To perform the distributed test I did the following

#DISTRIBUTED EXAMPLE
# Load Distributed to add processes and the @everywhere macro.
using Distributed

addprocs(6)

@everywhere begin
   # Using Base modules.
   using Random

   # Load Turing
   using Turing

   # Load the distributions library.
   using Distributions

   using BenchmarkTools

   #Create artificial data for coin flips
   # Iterate from having seen 0 observations to 100 observations.
   Ns = 0:100;
   # Set the true probability of heads in a coin.
   p_true = 0.5
   # Draw data from a Bernoulli distribution, i.e. draw heads or tails.
   Random.seed!(12)
   data = rand(Bernoulli(p_true), last(Ns));

   # Settings of the Hamiltonian Monte Carlo (HMC) sampler.
   iterations = 5000000
   ϵ = 0.05
   τ = 10
end

#Create model for a set of coin flips
@everywhere @model function coinflip(y)
    # Our prior belief about the probability of heads in a coin.
    p ~ Beta(1, 1)

    # The number of observations.
    N = length(y)
    for n in 1:N
        # Heads or tails of a coin are drawn from a Bernoulli distribution.
        y[n] ~ Bernoulli(p)
    end
end;

function perform_sampling(ϵ,τ,iterations)
    chains = sample(coinflip(data), HMC(ϵ, τ), MCMCDistributed(), iterations, 6);
    return chains
end

# Start sampling
@time perform_sampling(ϵ,τ,iterations)

Additional info, I’m using julia 1.7.1 with the following packages in my environment:

  [6e4b80f9] BenchmarkTools v0.7.0
  [31c24e10] Distributions v0.24.18
  [7073ff75] IJulia v1.23.2
  [c7f686f2] MCMCChains v4.14.1
  [c3e4b0f8] Pluto v0.17.5
  [f3b207a7] StatsPlots v0.14.30
  [fce5fe82] Turing v0.15.1

So the results I get from these tests are:

• single thread = 1590 seconds
• multi threaded = 1130 seconds
• distributed = 360 seconds

During both the multi-threaded and the distributed runs I see 6 of my cpu cores running at almost 100%. But still there is a very significant difference in performance. From the single threaded run I get just a 30% increase in performance by using 6 cores with multi-threading. The distributed run performs far better, with a ~440% boost in performance.

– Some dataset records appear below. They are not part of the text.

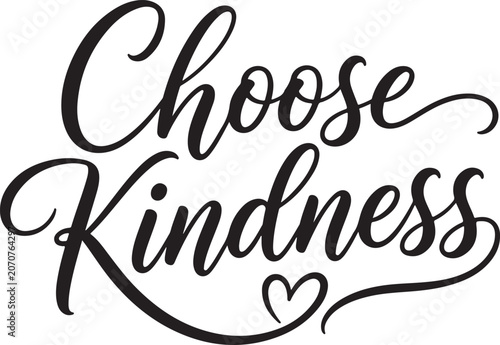 Choose kindness black typography quote with a heart symbol for social posters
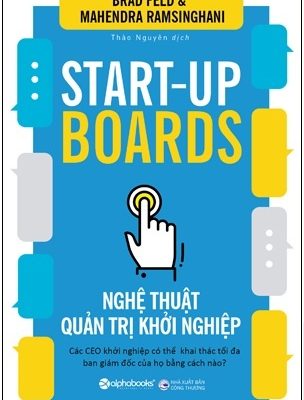 Nghệ Thuật Quản Trị Khởi Nghiệp - Brad Feld, Mahendra Ramsinghani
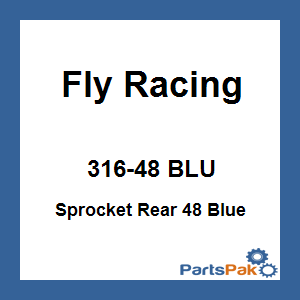 Fly Racing 316-48 BLU; Sprocket Rear 48 Blue
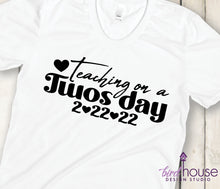 Load image into Gallery viewer, Teaching on a Twos Day Shirt, 2-22-22, February 2022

Am I missing something fundamental in the implementation of the multi-threaded case here?

Turing doesn’t work on 1.7 yet, see:

https://github.com/TuringLang/Turing.jl/issues/1738

for that reason your Turing version is very old - 0.15 when the current release is 0.19. Not saying this explains what’s happening, but it would probably more useful to check performance for the current release.

Certainly better to do this with an up-to-date version of Turing. Just re-ran the tests using julia 1.6.5 and my environment has

  [31c24e10] Distributions v0.25.40
  [fce5fe82] Turing v0.19.4

what I find with the above tests is (showing full output from @time):

• single threaded:
  1676.549851 seconds (10.56 G allocations: 713.028 GiB, 54.02% gc time, 0.03% compilation time)
• multi threaded (6 threads, same as in the original post):
  1478.391515 seconds (10.53 G allocations: 712.670 GiB, 79.76% gc time, 0.17% compilation time
• distributed (6 processes, same as in the original post):
  527.737194 seconds (46.49 M allocations: 12.626 GiB, 0.84% gc time, 0.61% compilation time)

So results are qualitative similar to what I had with the older Turing version. I guess the gc time on the distributed run is not really a meaningful report, but I’m surprised by the large gc usage in the multi-threaded case (~80%). I’m relatively new to julia though, so not sure what I should normally expect.

And a tangential issue, but is there a way to get more detailed progress reports from parallel runs of Turing? Currently I get a progress bar that only jumps as chains are completed, so it is not the most informative.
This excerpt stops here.